ACTIVITY:
Below are some records; copy each line in them that contains "Appartement".

Stored data entries:

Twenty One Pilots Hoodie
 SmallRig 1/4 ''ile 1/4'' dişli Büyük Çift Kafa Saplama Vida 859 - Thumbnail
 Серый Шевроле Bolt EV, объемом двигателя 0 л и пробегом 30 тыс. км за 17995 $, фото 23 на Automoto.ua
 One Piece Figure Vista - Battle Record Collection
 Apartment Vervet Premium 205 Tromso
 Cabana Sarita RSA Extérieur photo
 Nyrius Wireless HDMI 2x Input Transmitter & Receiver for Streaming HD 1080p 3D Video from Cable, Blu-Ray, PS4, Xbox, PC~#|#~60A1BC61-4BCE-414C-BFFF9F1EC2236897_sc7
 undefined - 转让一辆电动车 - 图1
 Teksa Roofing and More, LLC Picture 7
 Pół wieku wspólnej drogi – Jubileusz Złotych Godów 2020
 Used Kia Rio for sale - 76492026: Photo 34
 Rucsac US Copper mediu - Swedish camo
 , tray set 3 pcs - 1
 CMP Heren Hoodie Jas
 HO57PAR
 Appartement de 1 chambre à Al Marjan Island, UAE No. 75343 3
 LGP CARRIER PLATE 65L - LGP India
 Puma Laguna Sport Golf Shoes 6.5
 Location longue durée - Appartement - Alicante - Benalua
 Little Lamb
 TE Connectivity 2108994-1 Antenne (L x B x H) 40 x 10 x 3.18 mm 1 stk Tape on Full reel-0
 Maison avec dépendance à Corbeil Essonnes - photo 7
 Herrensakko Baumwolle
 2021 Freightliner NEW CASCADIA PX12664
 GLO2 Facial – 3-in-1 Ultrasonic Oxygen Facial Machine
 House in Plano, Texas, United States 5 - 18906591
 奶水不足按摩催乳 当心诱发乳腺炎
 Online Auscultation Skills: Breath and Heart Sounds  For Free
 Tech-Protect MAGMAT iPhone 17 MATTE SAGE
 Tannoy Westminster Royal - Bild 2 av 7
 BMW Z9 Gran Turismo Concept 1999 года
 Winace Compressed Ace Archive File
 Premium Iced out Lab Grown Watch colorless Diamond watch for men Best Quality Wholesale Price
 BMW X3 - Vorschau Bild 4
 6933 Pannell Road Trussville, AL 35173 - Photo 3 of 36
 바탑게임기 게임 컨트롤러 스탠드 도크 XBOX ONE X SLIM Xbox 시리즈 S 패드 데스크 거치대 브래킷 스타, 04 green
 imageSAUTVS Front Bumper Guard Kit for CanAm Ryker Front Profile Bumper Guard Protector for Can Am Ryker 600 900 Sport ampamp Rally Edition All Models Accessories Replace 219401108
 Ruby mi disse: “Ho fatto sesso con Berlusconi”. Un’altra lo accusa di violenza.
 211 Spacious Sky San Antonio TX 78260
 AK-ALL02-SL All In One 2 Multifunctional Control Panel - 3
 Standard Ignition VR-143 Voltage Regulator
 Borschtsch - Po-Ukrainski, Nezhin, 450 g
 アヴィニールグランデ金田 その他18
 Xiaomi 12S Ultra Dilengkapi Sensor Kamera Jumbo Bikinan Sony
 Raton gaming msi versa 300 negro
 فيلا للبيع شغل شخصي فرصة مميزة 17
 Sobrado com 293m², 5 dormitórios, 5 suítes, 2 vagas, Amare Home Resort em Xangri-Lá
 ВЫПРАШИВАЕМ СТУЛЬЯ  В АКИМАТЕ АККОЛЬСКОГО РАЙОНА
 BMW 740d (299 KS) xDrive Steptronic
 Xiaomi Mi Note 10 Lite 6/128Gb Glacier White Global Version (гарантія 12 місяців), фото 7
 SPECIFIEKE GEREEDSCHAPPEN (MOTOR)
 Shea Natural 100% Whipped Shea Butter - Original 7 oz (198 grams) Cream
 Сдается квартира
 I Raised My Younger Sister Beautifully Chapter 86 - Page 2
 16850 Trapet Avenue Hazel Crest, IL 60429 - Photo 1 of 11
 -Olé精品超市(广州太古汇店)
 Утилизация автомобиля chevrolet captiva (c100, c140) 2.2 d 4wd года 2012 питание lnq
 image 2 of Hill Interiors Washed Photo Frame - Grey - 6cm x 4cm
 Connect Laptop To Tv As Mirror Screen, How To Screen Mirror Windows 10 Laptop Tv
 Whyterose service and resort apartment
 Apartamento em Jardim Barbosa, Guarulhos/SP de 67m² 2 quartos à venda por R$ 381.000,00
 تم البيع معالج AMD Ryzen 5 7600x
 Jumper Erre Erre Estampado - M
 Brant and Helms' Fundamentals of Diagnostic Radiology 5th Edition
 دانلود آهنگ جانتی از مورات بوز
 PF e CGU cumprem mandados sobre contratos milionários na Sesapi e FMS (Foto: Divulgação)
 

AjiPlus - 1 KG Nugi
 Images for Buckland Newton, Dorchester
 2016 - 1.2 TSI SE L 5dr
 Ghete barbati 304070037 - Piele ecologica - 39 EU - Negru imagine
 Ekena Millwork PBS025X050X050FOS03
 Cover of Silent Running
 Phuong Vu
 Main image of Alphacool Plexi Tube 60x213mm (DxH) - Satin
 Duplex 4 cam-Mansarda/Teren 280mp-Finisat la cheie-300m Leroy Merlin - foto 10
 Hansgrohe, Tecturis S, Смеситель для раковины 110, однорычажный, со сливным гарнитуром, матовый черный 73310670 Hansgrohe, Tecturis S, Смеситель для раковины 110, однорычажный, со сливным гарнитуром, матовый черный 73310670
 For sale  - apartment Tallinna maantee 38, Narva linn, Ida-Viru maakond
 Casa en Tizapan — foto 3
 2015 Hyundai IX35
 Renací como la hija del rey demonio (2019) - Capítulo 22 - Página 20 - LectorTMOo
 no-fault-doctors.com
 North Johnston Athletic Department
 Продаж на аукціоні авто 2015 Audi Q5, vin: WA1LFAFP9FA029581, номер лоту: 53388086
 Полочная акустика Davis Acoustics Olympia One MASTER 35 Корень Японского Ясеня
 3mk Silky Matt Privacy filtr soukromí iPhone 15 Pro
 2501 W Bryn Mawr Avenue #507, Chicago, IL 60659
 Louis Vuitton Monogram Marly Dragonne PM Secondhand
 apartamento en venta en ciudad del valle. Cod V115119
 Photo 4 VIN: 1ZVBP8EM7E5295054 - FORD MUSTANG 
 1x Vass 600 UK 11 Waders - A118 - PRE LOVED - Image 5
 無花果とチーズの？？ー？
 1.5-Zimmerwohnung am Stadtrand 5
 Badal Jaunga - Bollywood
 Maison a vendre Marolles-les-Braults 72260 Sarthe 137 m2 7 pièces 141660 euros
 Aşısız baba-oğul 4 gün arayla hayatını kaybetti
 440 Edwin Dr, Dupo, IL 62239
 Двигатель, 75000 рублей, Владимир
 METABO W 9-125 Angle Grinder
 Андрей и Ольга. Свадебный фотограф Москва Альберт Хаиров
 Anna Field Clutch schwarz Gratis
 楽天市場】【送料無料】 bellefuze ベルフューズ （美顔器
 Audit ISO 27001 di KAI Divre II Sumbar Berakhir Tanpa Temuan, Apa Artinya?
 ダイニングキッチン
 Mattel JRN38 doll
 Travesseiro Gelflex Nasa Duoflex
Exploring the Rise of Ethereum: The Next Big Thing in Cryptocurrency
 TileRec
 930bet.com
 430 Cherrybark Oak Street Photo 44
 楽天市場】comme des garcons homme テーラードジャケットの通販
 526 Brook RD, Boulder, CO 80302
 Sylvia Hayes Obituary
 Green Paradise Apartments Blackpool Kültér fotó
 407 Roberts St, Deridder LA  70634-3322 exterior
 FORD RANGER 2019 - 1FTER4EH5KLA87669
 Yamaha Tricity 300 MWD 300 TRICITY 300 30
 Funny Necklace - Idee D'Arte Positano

TASK RESPONSE:
 Appartement de 1 chambre à Al Marjan Island, UAE No. 75343 3
 Location longue durée - Appartement - Alicante - Benalua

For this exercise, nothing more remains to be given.